*EXTRACTED INFORMATION:*
--

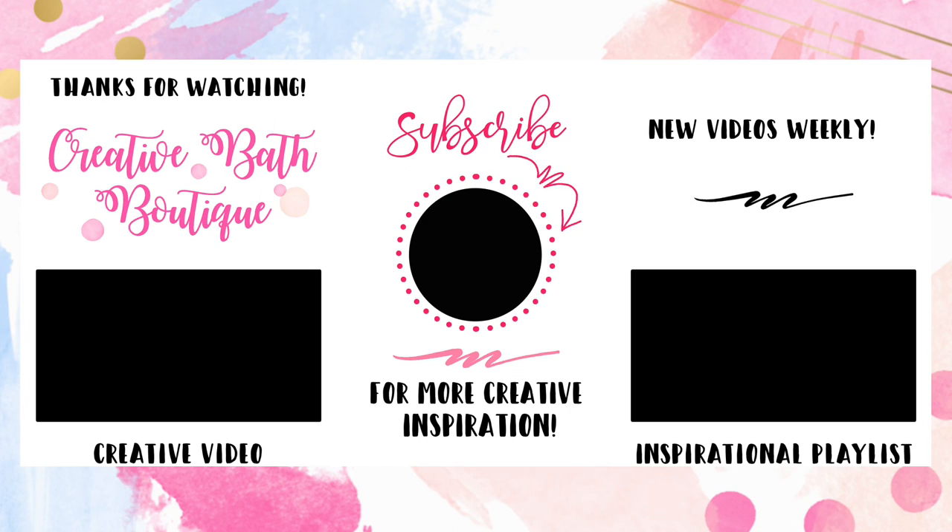I know you guys can barely see it, but I'm trying to show you the lovely shimmer it left. It's very light and subtle, but it's there. Thanks for watching! If you're interested in this project, you'll find helpful tips in the description and the supply list at the bottom. And if you're interested in more creative bath inspiration, you should subscribe — don't miss out on weekly videos featuring fresh ideas and fun bath projects.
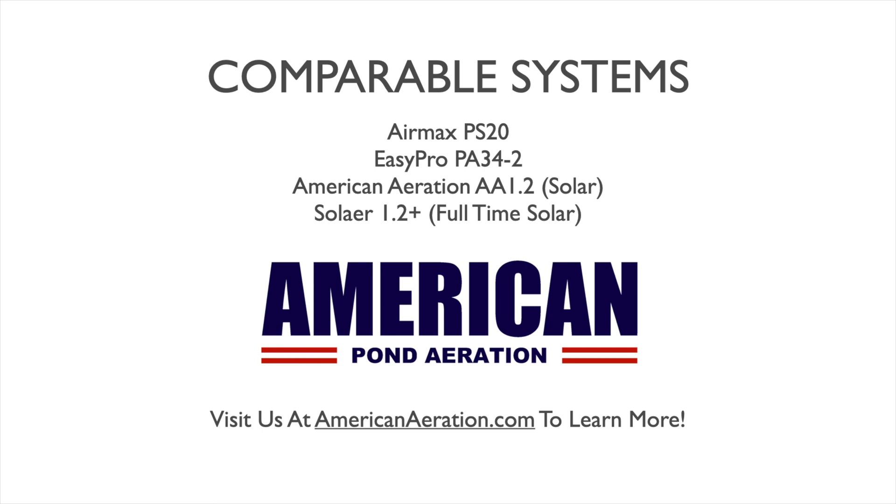Some comparable systems to check out: the AirMax PS20 is also a two-diffuser subsurface aerator and includes a ground cabinet as standard. The difference is it uses a half-horsepower pump — twice the horsepower of the Casco — so it costs about twice as much to run per month, but air output will be better. It's worth noting that Casco does offer a dual-piston upgrade to half horsepower for the RA2's two-diffuser setup for a very nominal upcharge of around $150 more, making a comparable system available within the Casco line.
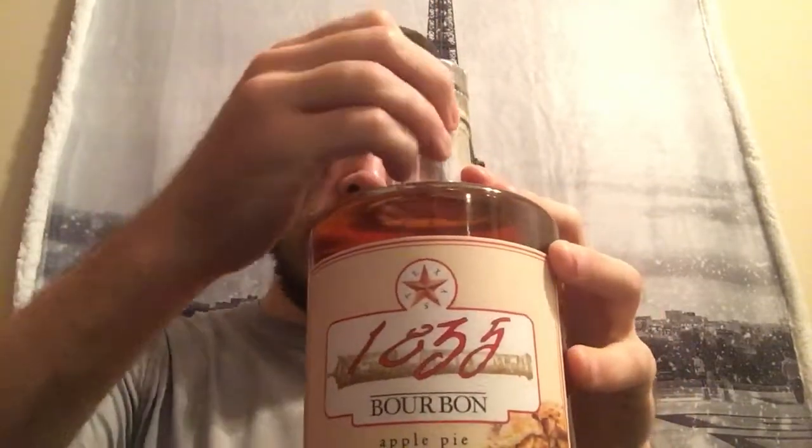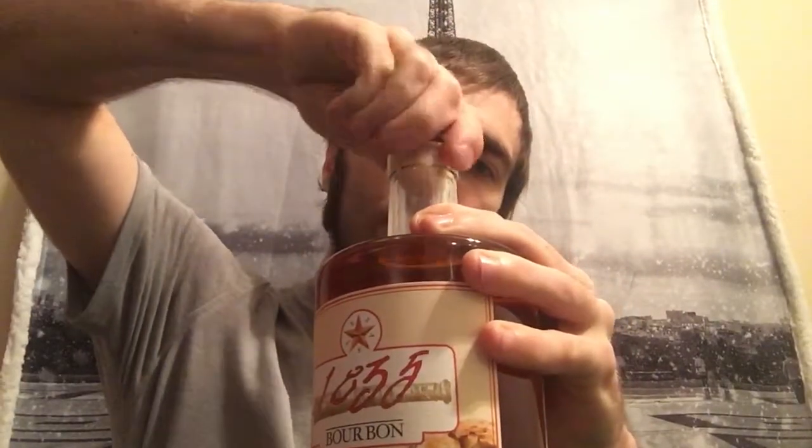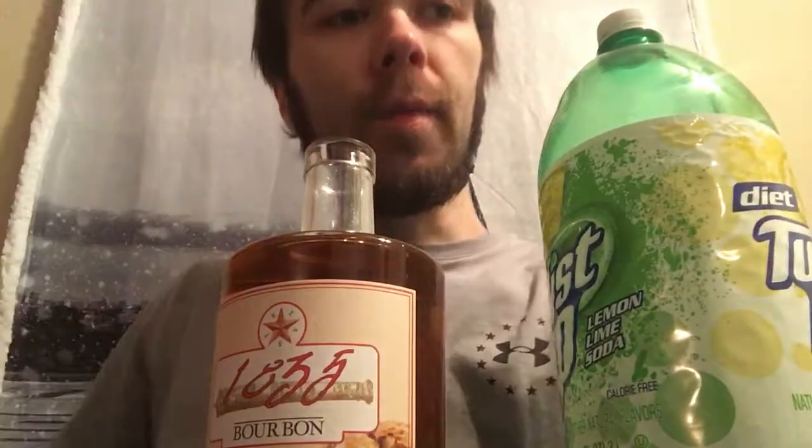Got some expectations for this, so hopefully it'll be pretty good. I'm gonna put the cork back. There we go — give it a smell. Oh yeah, it smells like whiskey all right. It smells like apple pie. I definitely get those vanilla notes.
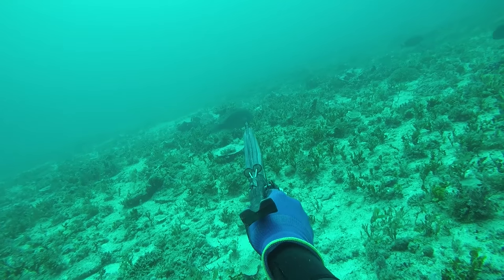Hi, welcome to Adreno Tips. This is Trevor from Adreno Brisbane and today we're going to talk about black spot tuskfish and just a few of the hints and tips to get you on your way when you're first starting out.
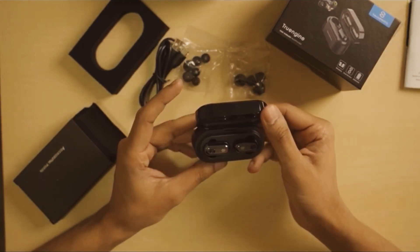So when Soundpits announced that they were coming up on Kickstarter with their newest headphones, I was like I need to fund this right now. And now that the Soundpits TrueEngine 2 are here, let's do the unboxing.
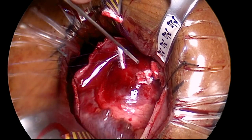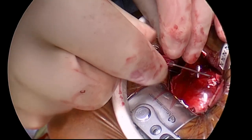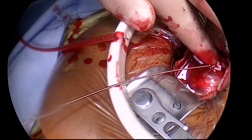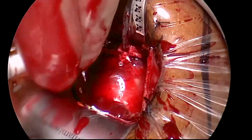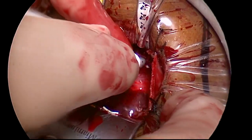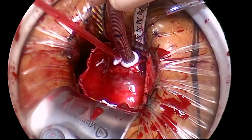The patient is now heparinized, and it is our preference to perform central aortic cannulation over a wire. The position of the wire is confirmed to be in the descending thoracic aorta by the anesthesiologist using transesophageal echo. A 22 French Medtronic eOpa cannula was then inserted over the wire and secured in place.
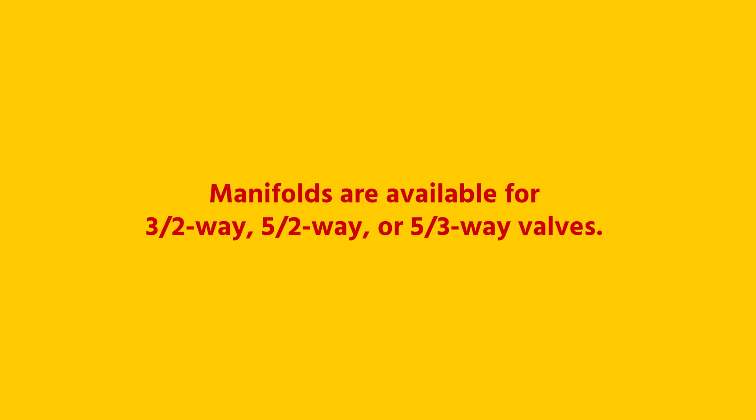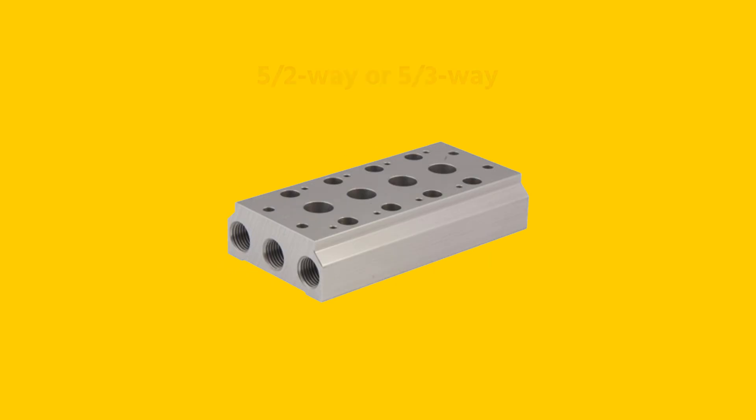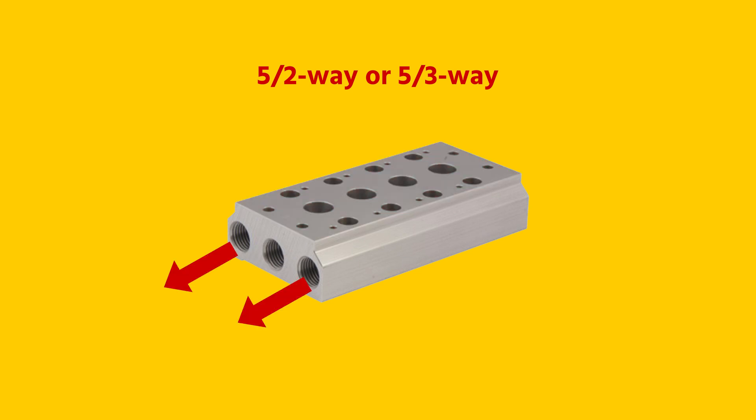Manifolds are available for three two-way, five two-way, or five three-way valves and can typically accommodate between two and ten pneumatic solenoid valves, depending on the type. A three two-way manifold has mounting points for a three two-way solenoid valve and has a supply port and a venting port. A five two-way or five three-way manifold has mounting points for five two- or five three-way solenoid valves, and has a total of one intake port and two venting ports.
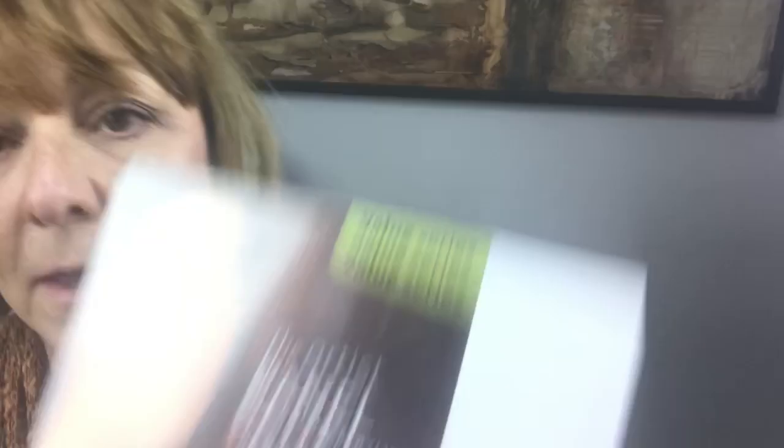They make panels for almost every different thing — if you go to their website you can look at all the different types. The ones I use are clayboard, encaustic board, and two types of their artist panels. This one is called the Artist Panel for Oil and Acrylics, smooth finish, value series. It has a smooth finish and these are already gessoed — it's almost like a hot press surface, which I love. These are a great value, very reasonable, so you can get started painting on rigid panels without a huge monetary investment. They're primed with acrylic and ready to go.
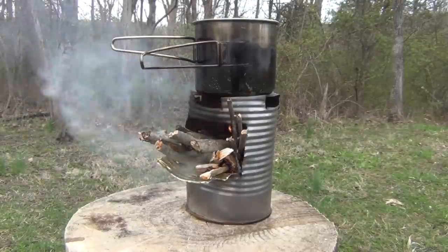And that's what it looks like when it's burning. Hello, welcome to Waypoint Survival. Today I want to show you a brand new hobo stove design. Stay tuned.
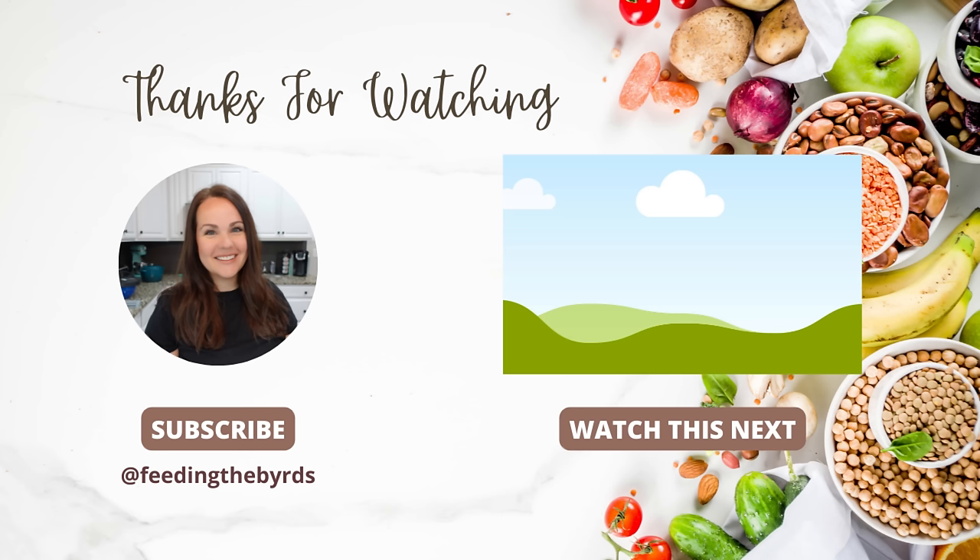I hope you guys enjoyed today's video. If you're new here, I would love if you would subscribe and stick around — just hit the red subscribe button and the notification bell so that you can know each time I post a new video. Check out the video listed above. This is the one you should definitely watch next. I hope you're having a great week.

--

*WORK ITEM:* Please repeat, exactly as written, the lines in the records above, starting with the one that has "Some comparable systems" and going on through the one that has "Manifolds are available". Pictures are to be left out.

*REPLY TO THE TASK:*
Some comparable systems to check out: the AirMax PS20 is also a two-diffuser subsurface aerator and includes a ground cabinet as standard. The difference is it uses a half-horsepower pump — twice the horsepower of the Casco — so it costs about twice as much to run per month, but air output will be better. It's worth noting that Casco does offer a dual-piston upgrade to half horsepower for the RA2's two-diffuser setup for a very nominal upcharge of around $150 more, making a comparable system available within the Casco line.
Got some expectations for this, so hopefully it'll be pretty good. I'm gonna put the cork back. There we go — give it a smell. Oh yeah, it smells like whiskey all right. It smells like apple pie. I definitely get those vanilla notes.
Hi, welcome to Adreno Tips. This is Trevor from Adreno Brisbane and today we're going to talk about black spot tuskfish and just a few of the hints and tips to get you on your way when you're first starting out.
So when Soundpits announced that they were coming up on Kickstarter with their newest headphones, I was like I need to fund this right now. And now that the Soundpits TrueEngine 2 are here, let's do the unboxing.
The patient is now heparinized, and it is our preference to perform central aortic cannulation over a wire. The position of the wire is confirmed to be in the descending thoracic aorta by the anesthesiologist using transesophageal echo. A 22 French Medtronic eOpa cannula was then inserted over the wire and secured in place.
Manifolds are available for three two-way, five two-way, or five three-way valves and can typically accommodate between two and ten pneumatic solenoid valves, depending on the type. A three two-way manifold has mounting points for a three two-way solenoid valve and has a supply port and a venting port. A five two-way or five three-way manifold has mounting points for five two- or five three-way solenoid valves, and has a total of one intake port and two venting ports.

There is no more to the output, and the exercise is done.